Die 1936 geborene Schriftstellerin Barbara von Wulffen gehörte während des vergangenen Vierteljahrhunderts als ordentliches Mitglied unserer Akademie an. Ihre Wahl 1995 war die Resonanz auf zwei Essaybände und zwei Romane. In den 1989 im S. Fischer Verlag erschienenen „Urnen voll Honig“ mit dem Proust'schen Untertitel „Aufbruch in eine verlorene Zeit“ schrieb sie sich in ihre westböhmische Kindheit zurück. Das Schicksal von Vertreibung und Herkunftsverlust gehörte zu ihren Themen. In München absolvierte sie ein Studium der Biologie und Chemie, wandte sich dann der Literaturwissenschaft zu und promovierte bei dem Mediävisten Hugo Kuhn. Die Verbindung von Naturwissenschaft und Dichtung kam in ihrem 2001 erschienenen Buch „Von Nachtigallen und Grasmücken. Über das irdische Vergnügen an Vogelkunde und Biologie“ aufs eindrucksvollste zur Geltung.
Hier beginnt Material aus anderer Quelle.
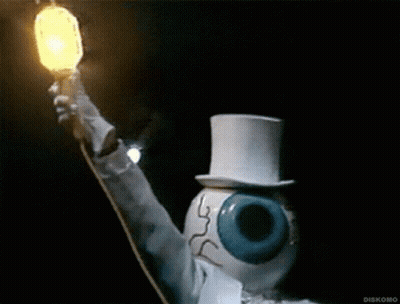 A Statue Of An Eye Wearing A Top Hat Holds A Light GIF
Von Anfang an hat Barbara von Wulffen ihre Mitgliedschaft als Verpflichtung aufgefasst, sich für die Aufgaben der Akademie zu engagieren. Sie war ein Mensch, der lieber gab als nahm – und sie hatte viel zu geben. Dabei blieb sie oft im Hintergrund, wobei die entscheidenden Anstöße von ihr ausgingen. Ein Beispiel ist der von ihr eingeführte Abend des 11. Mai 2004, an dem sie den Biologen Josef H. Reichholf und den mit ihr nah befreundeten Philosophen Robert Spaemann zum Thema „Schönheit und Zweckmäßigkeit“ auf das Akademiepodium gelockt hatte. Ein Publikumsansturm ohnegleichen, ungewohnt viele jüngere Zuhörer. Worum es Barbara von Wulffen als Initiatorin der Veranstaltung ging, lässt sich einem Zitat aus ihrem Vogelbuch ablesen. Sie habe es geschrieben in der Hoffnung, den Leser erkennen zu lassen, dass „Vögel nicht nur fliegen, singen und schön gekleidet sind, um sich zu vermehren und ihre Gene zu erhalten, sondern erst einmal um ihre besondere Art in Erscheinung zu bringen, ja um auf möglichst vollkommene Weise sich selber darzustellen“. In diesem Sinn hielt sie im Dezember 2008 einen Vortrag über Olivier Messiaen unter dem Titel „Der A-Dur-Dreiklang der Blaumerle“ und sorgte dafür, dass dem Jahrbuch eine CD mit Klangbeispielen und Vogelstimmen beigegeben wurde. Auch die Akademieabende vom 2.4.1998 über die das Genre der „American Naturalists“ vertretende Lyrikerin Annie Dillard (zusammen mit Richard Exner) und vom 9.2.2012 über den Insektenforscher Jean-Henri Fabre (zusammen mit Anita Albus und Klaus Schönitzer) gehören in diesen Zusammenhang. Barbara von Wulffen war es bei diesen Veranstaltungen nie um die Selbstdarstellung zu tun, sondern ausschließlich um die Sache, die ihr am Herzen lag. Bei der Sonderreihe der Literaturabteilung „Was heißt ,wirklich‘? Unsere Erkenntnis zwischen Wahrnehmung und Wissenschaft“ (Februar 2000) trat sie namentlich überhaupt nicht in Erscheinung und war doch, wie ich bezeugen kann, die eigentliche Ideengeberin für die in sieben hochkarätigen Abenden dargebotene Veranstaltung.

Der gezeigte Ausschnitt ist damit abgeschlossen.